I'd say err in the favor of keeping meats cool as long as possible, but there should be no problem in allowing a steak or chop to come up to room temperature before cooking..
Regarding trichinosis, you're right. Trichinosis is pretty much nonexistent nowadays in commercial pork, largely because hogs are fed real food instead of slop/garbage (the slop would sometimes contain brain/spinal fluids of other hogs, leading to trichinosis, is my understanding). As a result you can pretty safely cook your chops to a medium or medium well, or whatever. Don't sue me if you get sick, though
regarding washing your cutting boards and such, I'd still definitely recommend doing that. With poultry it's obviously a must, but also especially with beef. Most e. coli resides on the surface of a cut steak (not inside the meat) due to contamination at the meatpacking plant, butcher, or whatever.
Searing meat generally kills off the e. coli very quickly, which is why steaks can be cooked to medium rare or rare while burgers are generally cooked further... (grinding the meat mixes the surface of the cut steak in with the rest of it, so the e. coli is spread about fairly evenly throughout the patty).
However, since your cutting board never gets seared like the steak does, e. coli can hang around on that thing and spread and grow and make you unhappy.
Unlike trichinosis, e. coli is only life threatening usually to children/elderly/people with weak immune systems.
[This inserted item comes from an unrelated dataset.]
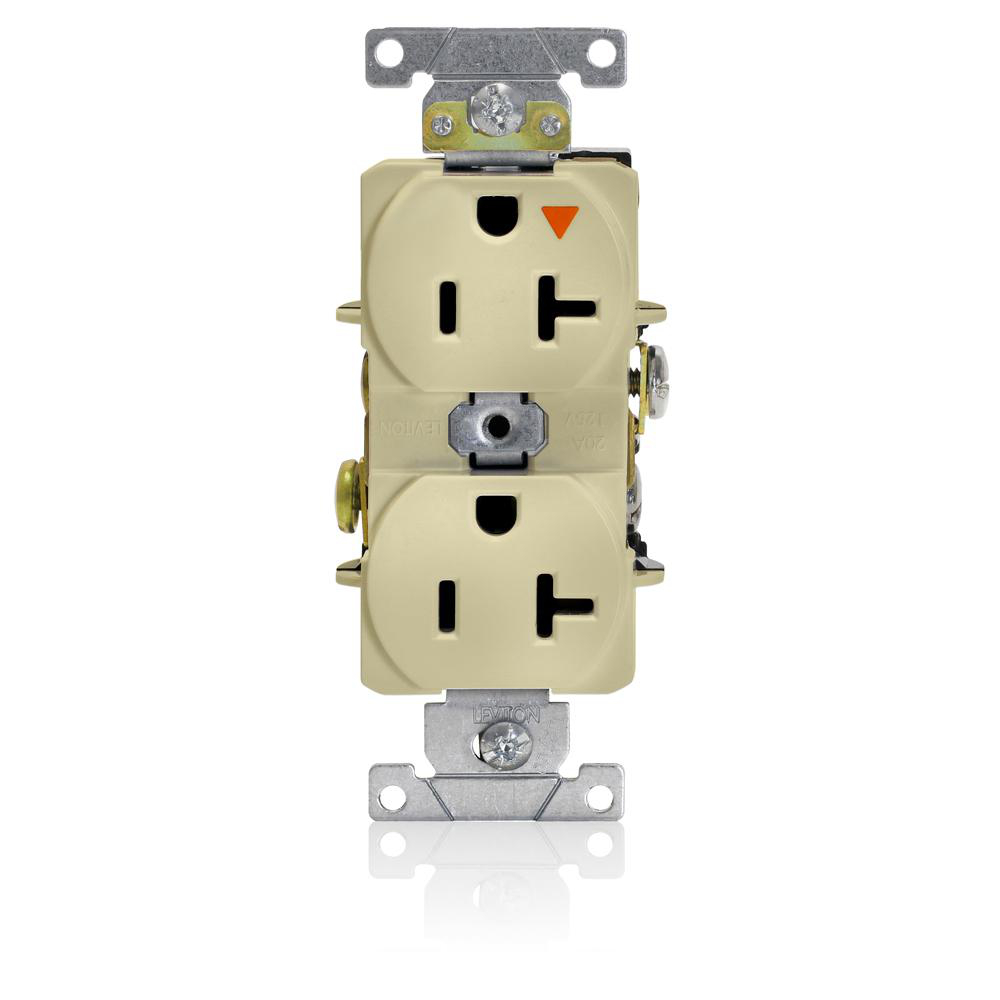 Product image for Receptacle duplex isolated ground nylon 20A 125V ivory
Adults can expect a ton of pain and suffering and such from an e. coli or salmonella infection, but they probably won't need to be hospitalized.
The biggest tip I have for making burgers you can cook to medium rare is to either
a: buy steaks and grind the meat yourself in a meat grinder or food processor
b: go only to butchers you know grind the meat in small batches
c: if you must go to a larger grocery store, buy the meat that they've packed themselves, not stuff packed by emmpack or one of the other giant meat packing companies.
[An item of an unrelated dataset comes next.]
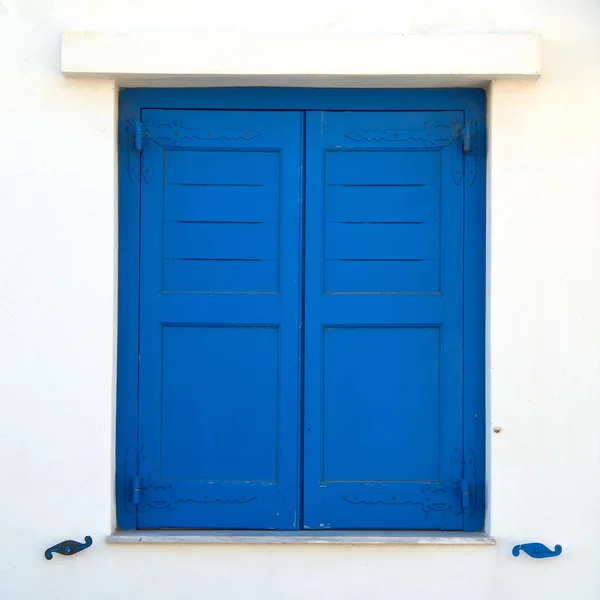 Modré malované dřevěné okenice — Stock fotografie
basically, avoid any ground beef packed by the largest of the meat packing companies. they run their operations faster and cheaper than the smaller places in order to cut costs, and they grind far more meat per batch as well, so literal tons of beef will be ground before the machine is cleaned. Cross-contamination galore.
This is also why one "mad cow" in a meat packing plant is bad news -- that beef is likely to end up in thousands or tens of thousands of packages of meat, far more than if that one cow were sent to a local butcher and processed locally.